Well, those are the tips I gave you on hitting the ball inside-out.  As always, don’t over do it.  But most of you probably will have trouble doing it so…

P.S. I am starting to get my golf game around, as always.  I am hitting the ball super consistently, one of those secrets (even though I hit like 100 balls a month now) is that I swing inside-out.  Also, I don’t really clutter my mind with too many thoughts.   What’s probably more important than swinging inside out is to “adapt” your golf swing so you can hit consistent shots whether that’s a fade or a draw.  Why am I telling you how to hit the ball from inside out?  Well, if you do have time to waste and you want to get better in the long term, you will probably want to learn how to do that.  If you are just a weekend warrior and you never want to get better, ignore everything I said here, just keep playin’)

Happy golfin’~

Golf Tip – How To Eat Right While Playing Golf!

Thursday, July 30th, 2009

This is sorta important what, “what you eat, what you become.”

It’s true.  In golf, you need to eat right while playing golf because it’s going to seriously affect how well you play, especially when under the gun such as tournament pressure or even skins game.
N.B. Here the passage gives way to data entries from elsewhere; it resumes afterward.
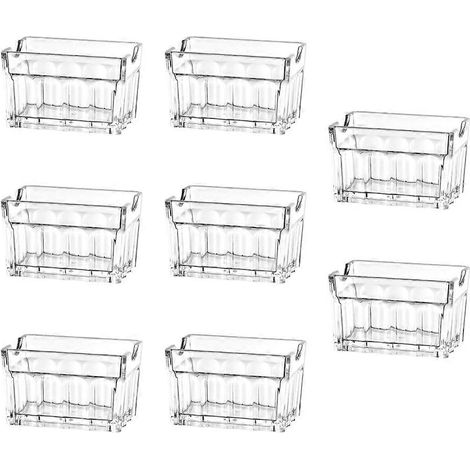 Lot de 8 supports en acrylique pour sachets de sucre, contenants de rangement pour sachets de sucre et bols à mouchoirs. (1/5)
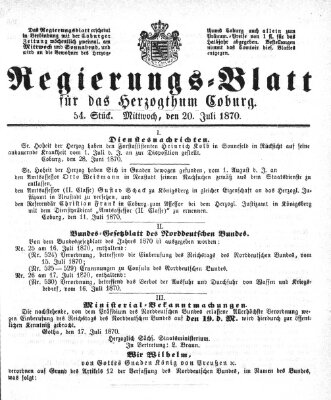 Regierungs-Blatt für das Herzogtum Coburg (Coburger Regierungs-Blatt) Mittwoch 20. Juli 1870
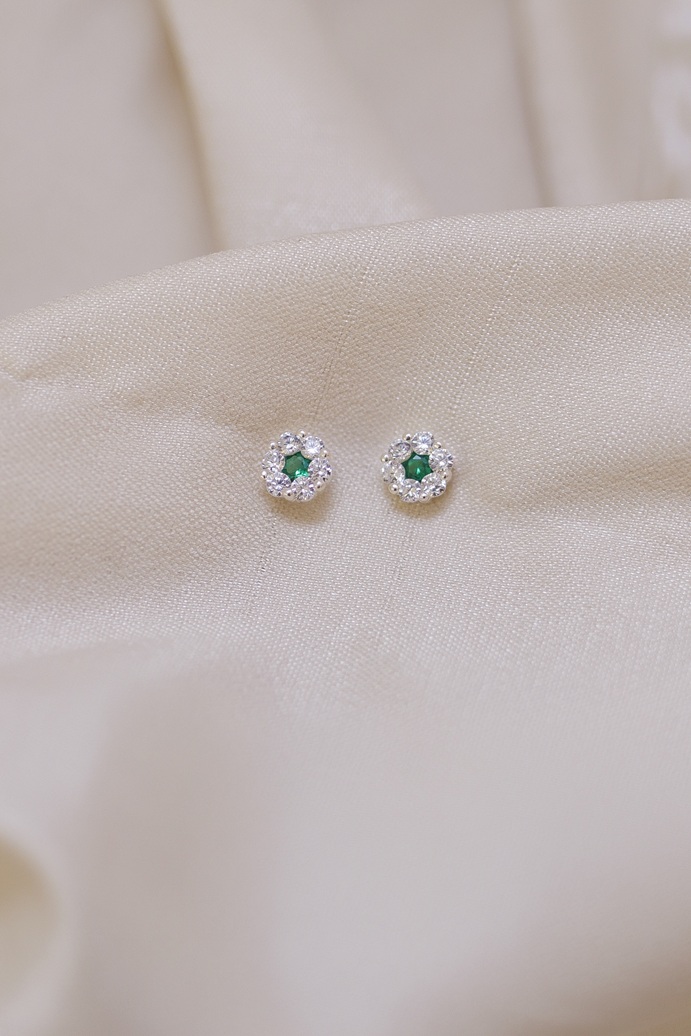 Brinco com Zircônia Verde ou Azul – Prata 925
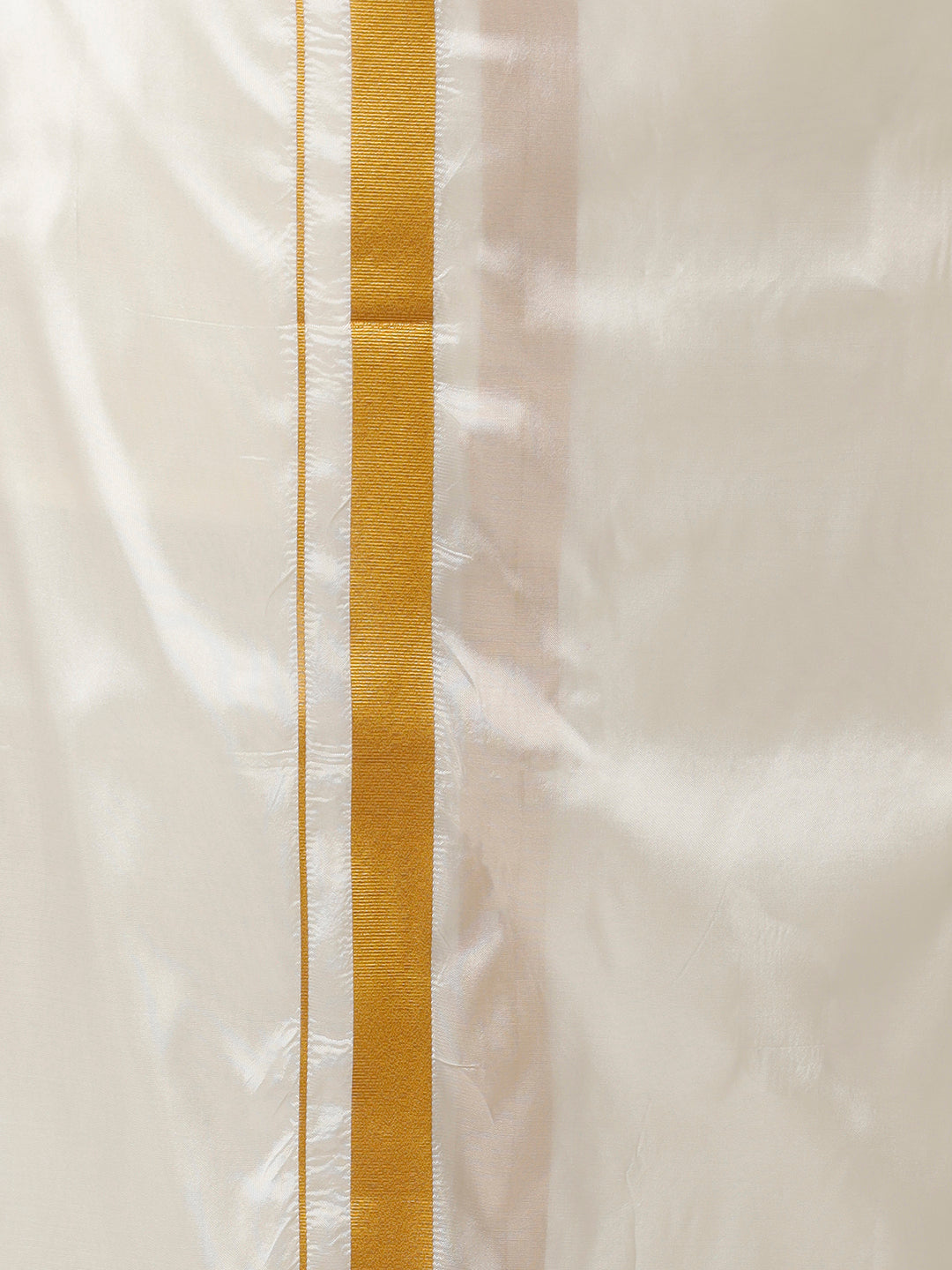 Mens Art Silk Double Dhoti Cream with Gold Jari Border 3/4 & Towel Set Kara Yoga-Zoom view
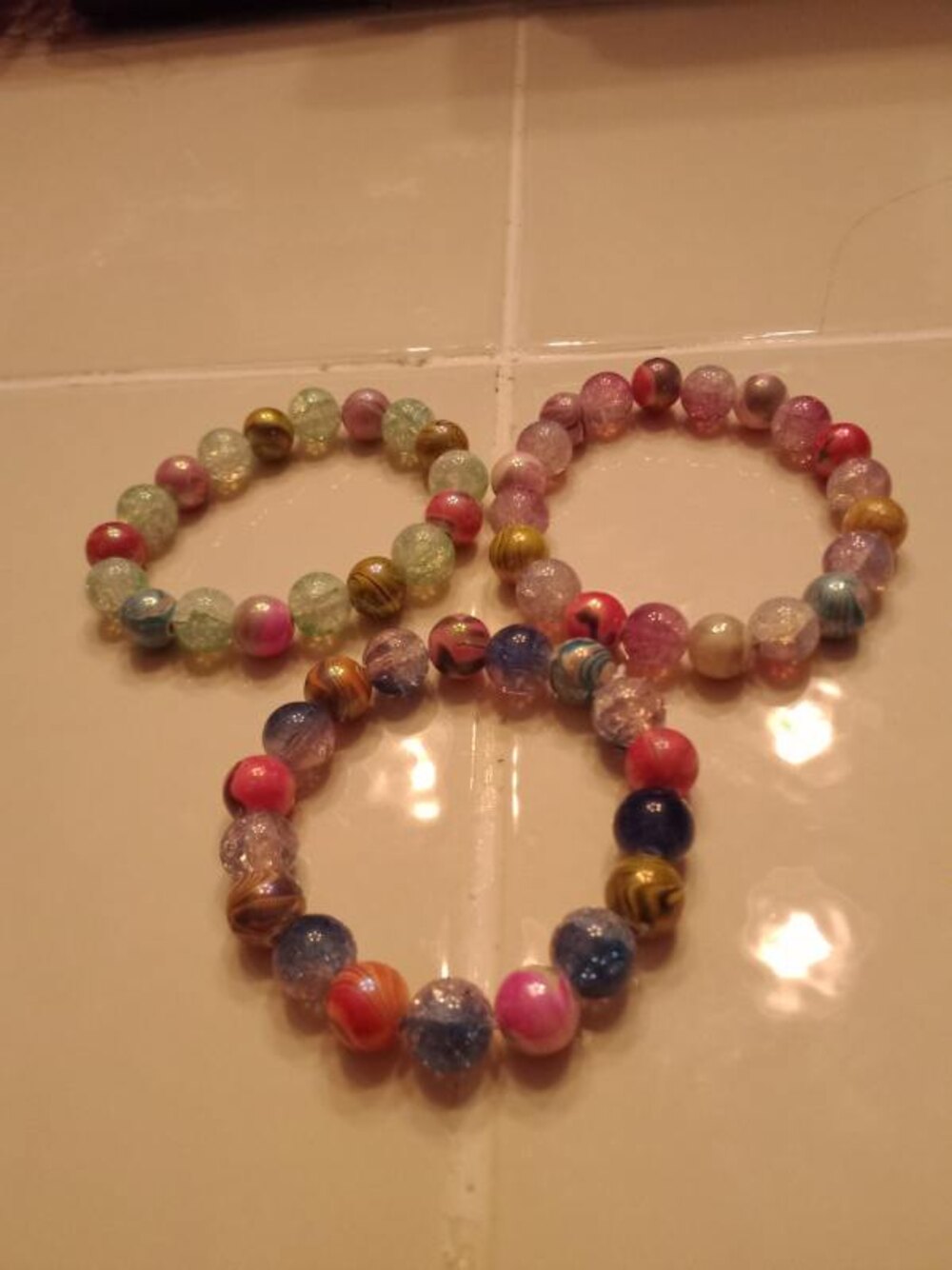 A colorful set of handmade beaded bracelets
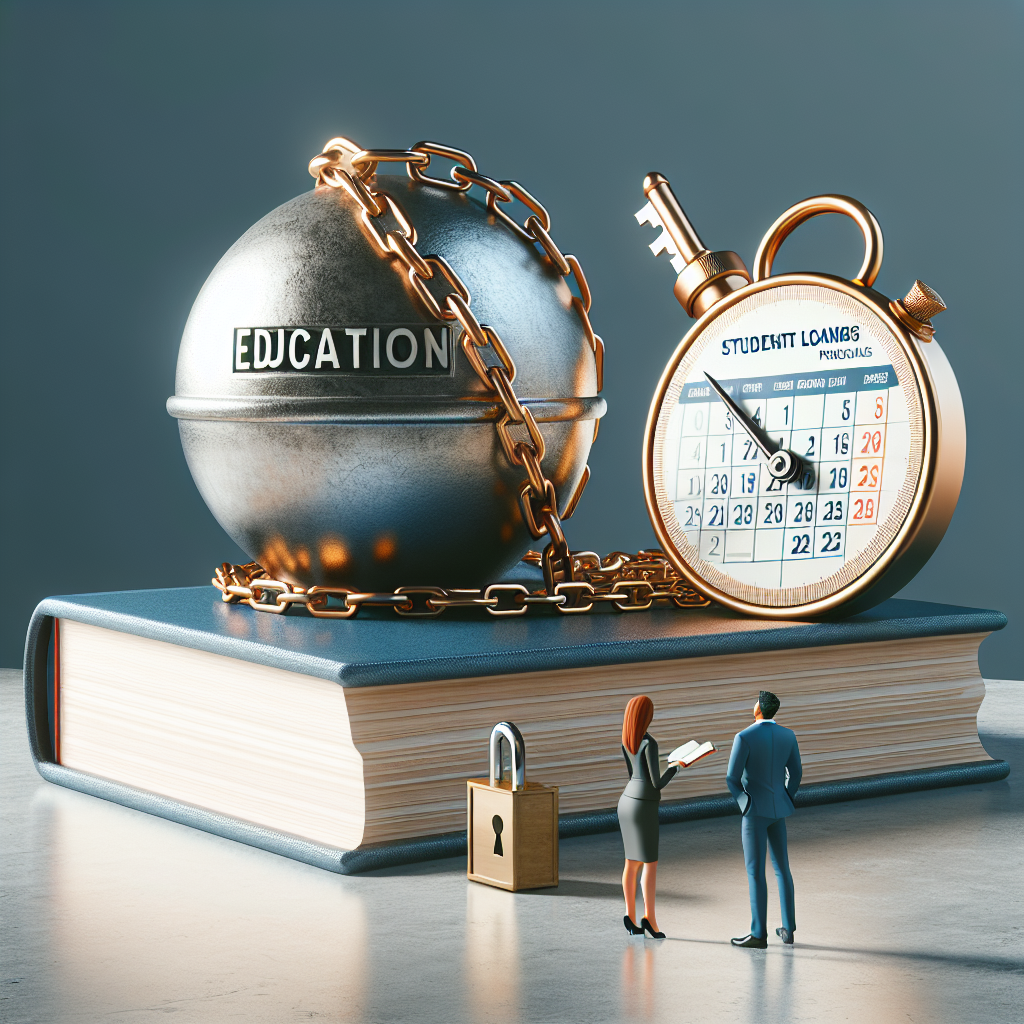 An image representing the concept of student loan forgiveness programs aiding in repaying loans faster. The primary focus should be a large, thick textbook labeled 'Education' at the base, chained to a heavy metal ball labeled 'Student Loans'. Stationed beside these is a shiny, golden key labeled 'Forgiveness Programs'. On the key is a detailed engraving of a calendar symbolizing the quicker repayment process. The setting should be a minimalist office desk with a Caucasian female and a South-Asian male in office attire, looking hopeful, carefully examining the chained textbook and golden key.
First of all, do NOT eat a full meal right before you tee off.   That will most likely cause you to be a little bloated and will certainly take couple holes before your stomach digests all the food.  By then, you probably have lost couple strokes you could have saved by not eating so much.

On the bright side, you can eat a lot of healthy snacks while playing golf such as banana or any type of “fruits” that contain natural sugar.  Try to stay away from coffee or anything with too much sugar as you can get “high” off the caffeine and sugar.

Watch the best pro golfers play on TV, rarely do you see them eating a snickers bar but they will be eating a lot of bananas.

I’ve probably read 10 golf books already on tournament golf nutrition and they all pretty much say the same things, eat lots of fruit that will keep your mental state level.

Now these are advices for people who want to score better on the golf course, if you do not care about playing your best,  you can ignore my advice.

What about the meal the night before a big tournament?

I have gone through many of these myself, I try to stick with high-carb meals as they can help you the next day.

My favorite meal is actually spaghetti, eating a lot of spaghetti the night before can surely help you the next day to keep going longer.

Lastly, don’t forget to drink LOTS of water while playing golf, especially if it’s a sunny day.

I have personally experienced “cramps” during a the high school state tournament before, that was simply due to not drinking enough water and eating bananas.  Bananas can help prevent cramps on a hot day because they contain potassium.  Take my advice and make sure to pack your golf bag with enough water and bananas for your next important golf tournament.